• **Data shown**

· · · · ·

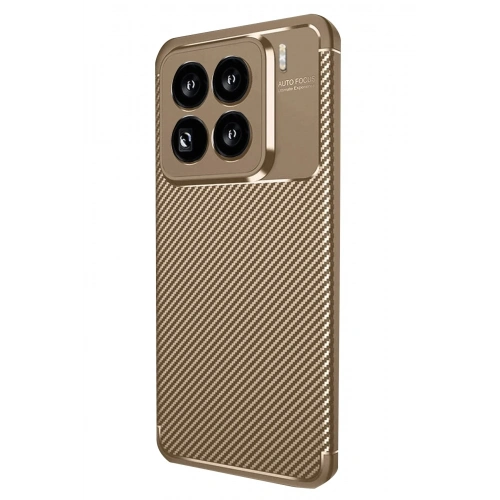 Mey İthalat®   Mi 15 Pro Kılıf Auto Focus Karbon Kapak - Kahverengi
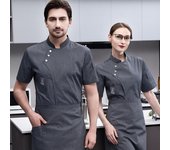 Chaquetas de Chef de manga corta, uniforme de Chef de cocina, restaurante, camisa con logotipo personalizado, servicio de panadería, vestido de Chef transpirable para hombres XXXXL blanco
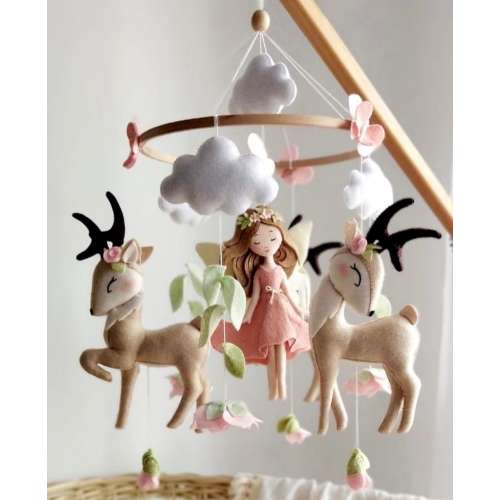 Fairy Baby Mobile – Handmade Felt Crib Mobile with Deer, Woodland Nursery Decor, Baby Shower Gift for Newborn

· · · · ·

• **Activity**
Please reprint the whole listing exactly and omit its pictures.

• **Output for this exercise**
 Mey İthalat®   Mi 15 Pro Kılıf Auto Focus Karbon Kapak - Kahverengi
 Chaquetas de Chef de manga corta, uniforme de Chef de cocina, restaurante, camisa con logotipo personalizado, servicio de panadería, vestido de Chef transpirable para hombres XXXXL blanco
 Fairy Baby Mobile – Handmade Felt Crib Mobile with Deer, Woodland Nursery Decor, Baby Shower Gift for Newborn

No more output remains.